About this exercise
Using the records below, write out only the lines from the line containing "шт Набор свечей" up to and including the line containing "SpaLife Complete Vitamin", exactly, with no pictures.

Material provided
————
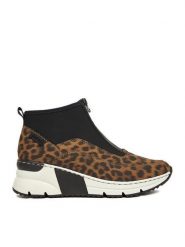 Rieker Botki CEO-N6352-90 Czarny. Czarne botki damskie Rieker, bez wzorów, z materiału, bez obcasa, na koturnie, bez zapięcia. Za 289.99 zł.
————
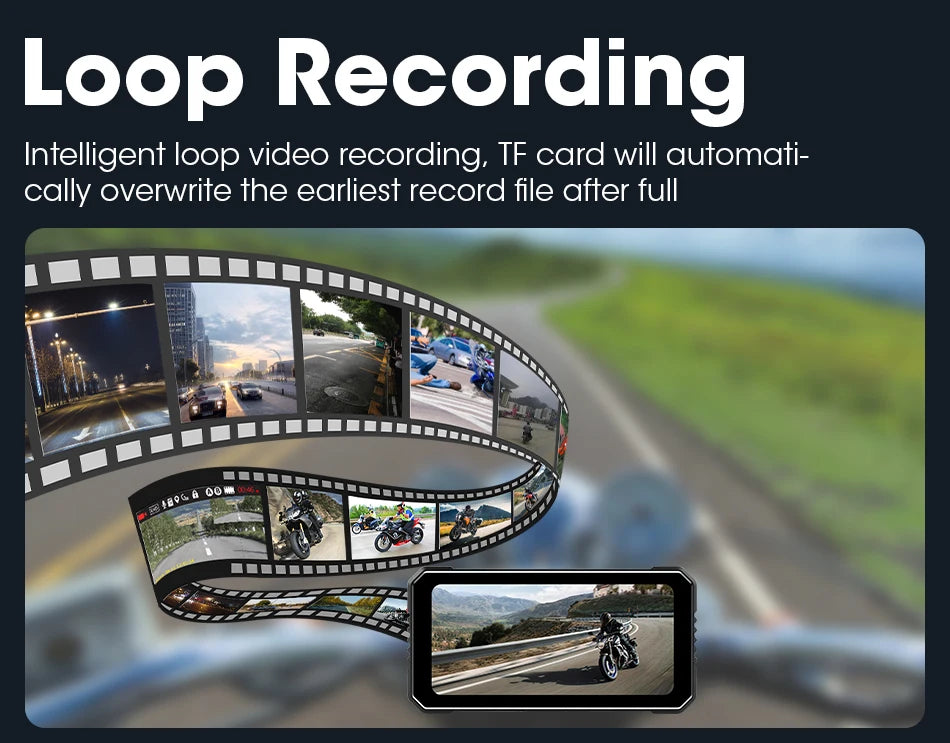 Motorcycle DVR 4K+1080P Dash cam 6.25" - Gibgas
————
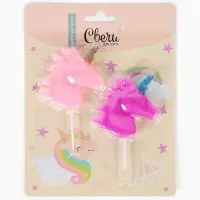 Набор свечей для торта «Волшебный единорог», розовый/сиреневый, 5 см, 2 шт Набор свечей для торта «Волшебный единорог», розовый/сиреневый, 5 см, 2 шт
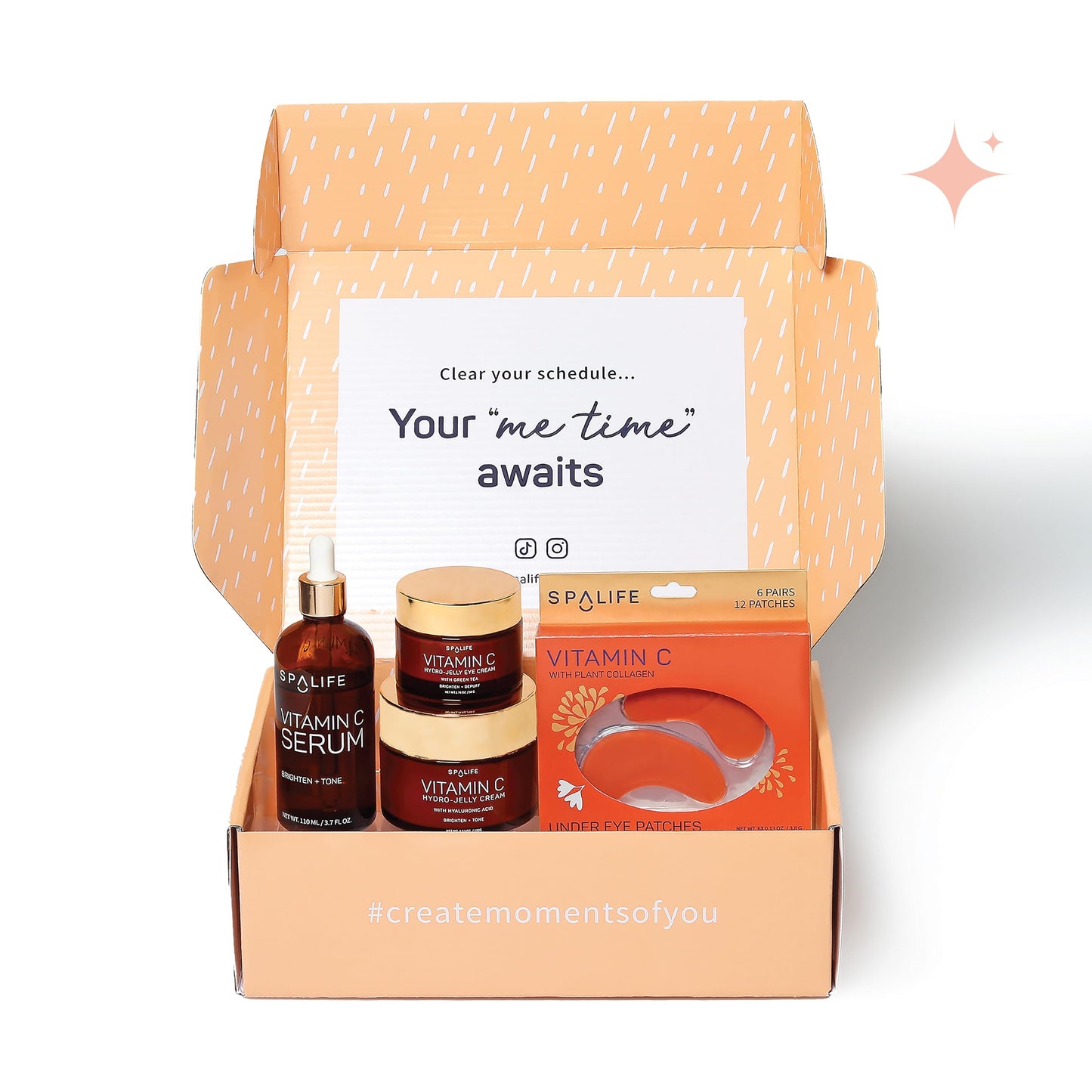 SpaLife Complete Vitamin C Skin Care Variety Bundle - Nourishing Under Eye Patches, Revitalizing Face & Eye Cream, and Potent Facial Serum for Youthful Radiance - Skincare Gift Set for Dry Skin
————
Solved exercise
 Набор свечей для торта «Волшебный единорог», розовый/сиреневый, 5 см, 2 шт Набор свечей для торта «Волшебный единорог», розовый/сиреневый, 5 см, 2 шт
 SpaLife Complete Vitamin C Skin Care Variety Bundle - Nourishing Under Eye Patches, Revitalizing Face & Eye Cream, and Potent Facial Serum for Youthful Radiance - Skincare Gift Set for Dry Skin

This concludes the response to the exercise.